= Dionysius the Phocaean =

5th century BC Phocaean Greek admiral

Dionysius the Phocaean or Dionysius of Phocaea (Διονύσιος) (fl. 494 BC) was a Phocaean admiral of ancient Greece during the Persian Wars of 5th century BC, and was the commander of the Ionian fleet at the Battle of Lade in 494 BC. Although commanding a formidable force, according to the Greek historian Herodotus, his men were worked so hard in preparing for battle that on the eve of the battle they refused to engage the Persian fleet.
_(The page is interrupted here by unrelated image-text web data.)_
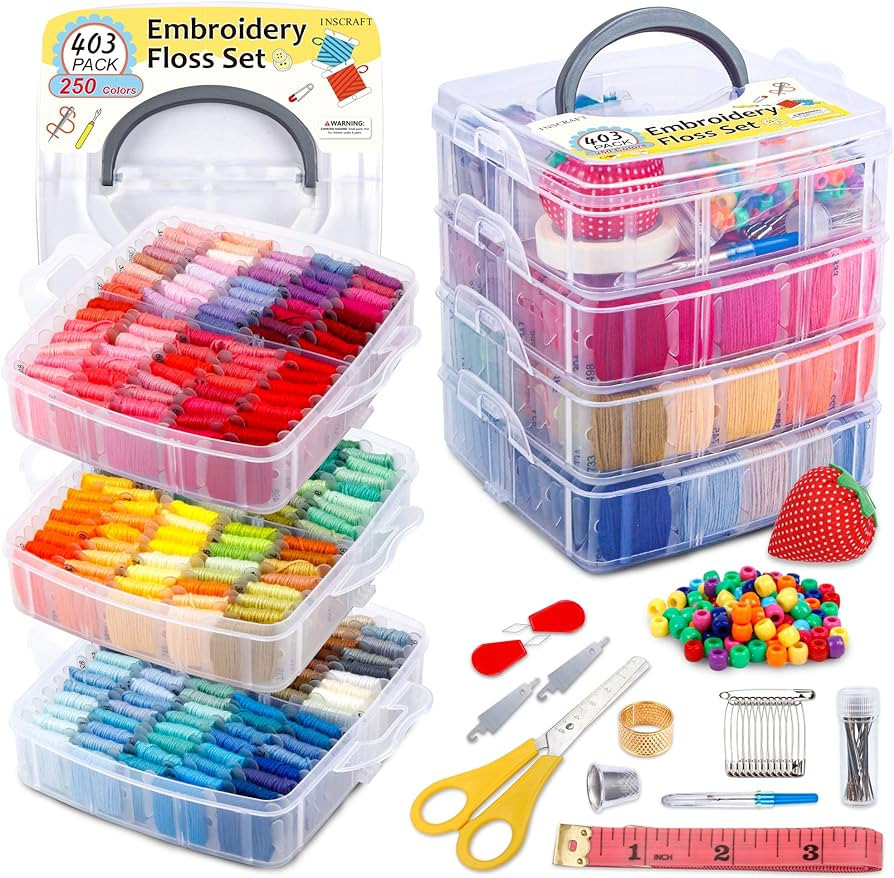 403 Pack Embroidery Floss Set, 250 Colors Cross Stitch Friendship Bracelet Thread with 153 Pcs Cr... | Amazon (US)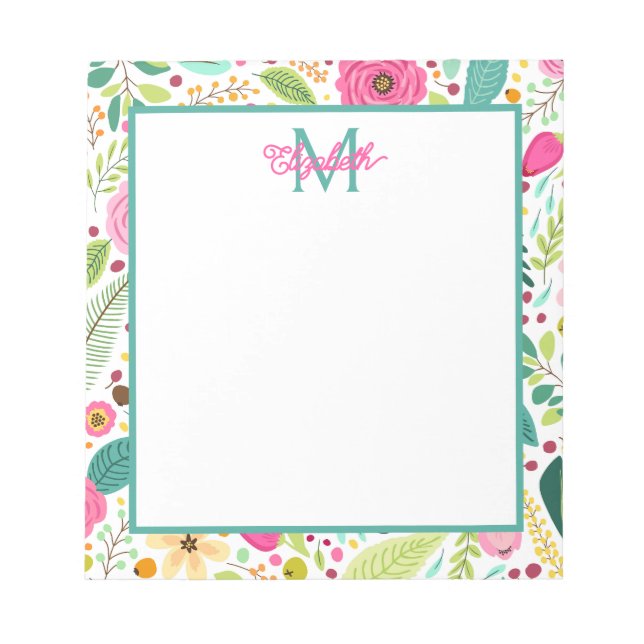 Bloco De Notas Monograma Floral de Primavera Rosa e Turquesa (Frente)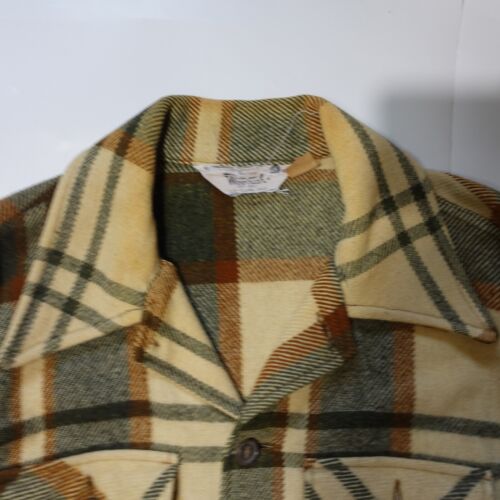 VTG Woolrich CPO Jacket Mens L Tan Green Beige Plaid Wool Blend Button Coat USA - Picture 2 of 18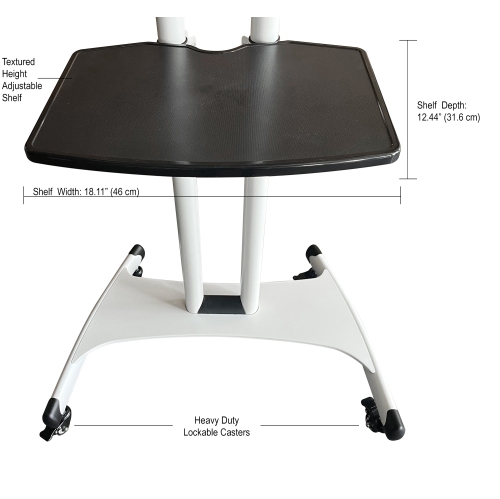 Boost Industries AVC3265ii-WH Universal Mobile TV Cart TV Stand for 32″ to 80″ TVs - White
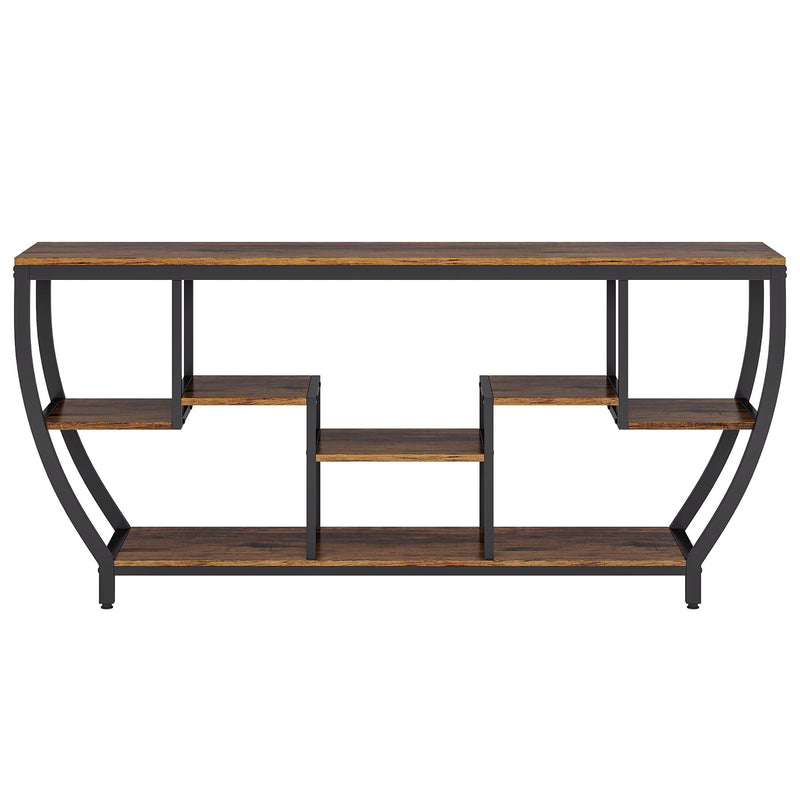 Extra Long Entryway Console Sofa Table With 7 Tier Shelves - Brown / Black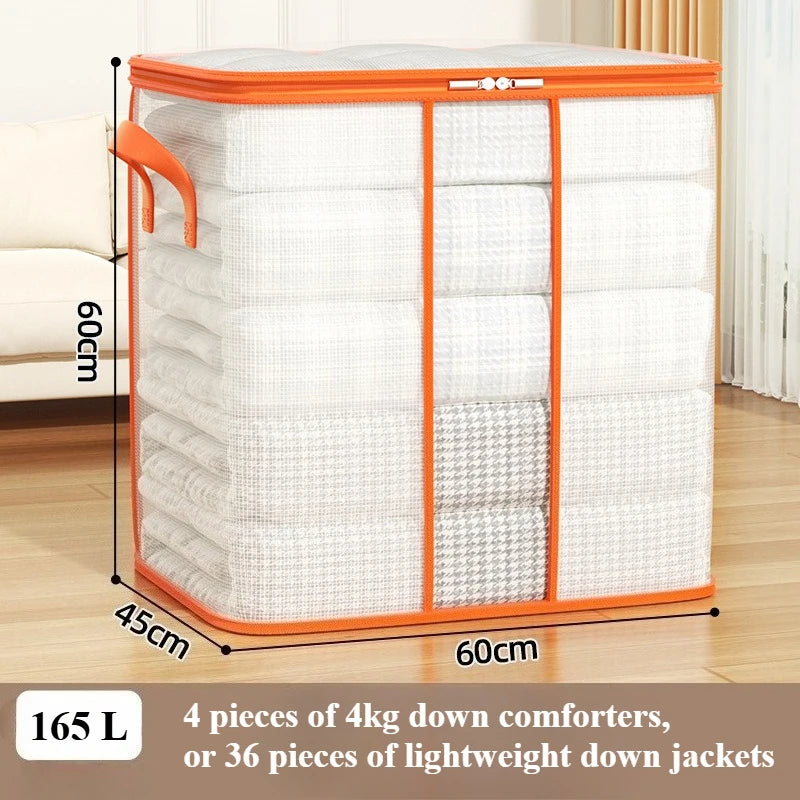 Bolsa de almacenamiento de PVC de gran capacidad para ropa y edredones, bolsas organizadoras transparentes impermeables para dormitorio, movimiento de regreso a la escuela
Although little is known of his life, Dionysius was in command of the Ionian contingent, gathered from the many islands throughout Ionia, which joined the main Greek naval force outside Miletus' port of Lade. Upon his arrival in the naval camp of Lade, he observed that his men displayed low morale and suffered from a lack of discipline. Believing his men were unprepared for the impending battle, he called a general assembly among the camp and, in a speech to his men, said: "Now for our affairs are on the razor's edge, men of Ionia, wither we are to be free or slaves [...] so if you will bear hardships now, you will suffer temporarily but be able to overcome your enemies."

He then began ordering his men to perform several hours of martial exercises a day as well as drawing out the fleet in the order of battle and instructed the rowers and marines in naval tactics. After a week, dissension began to appear within the ranks of the Samians and other officers (particularly as Dionysius, who arrived with only three ships, exerted such a strong influence over the rest of the fleet).

Even as the battle began, many of the Ionian ships under the command of Dionysius still refused to engage with the Persians and eventually almost 120 of the 350 Greek warships abandoned the battle leaving the remaining Greek ships to be annihilated leaving the city of Miletus to the mercy of the Persians. Despite this setback, Dionysius continued fighting the Persians sinking three warships before being forced to retreat during the final hours of the battle.

Returning to Phocaea, Dionysius attacked several trading vessels and seized their cargo before arriving in Sicily. During his later years, he would become involved in piracy against the Carthaginian and Tyrsenian merchants. However, in keeping with the friendship between Phocaea and Greece, he left travelling Greek merchants alone.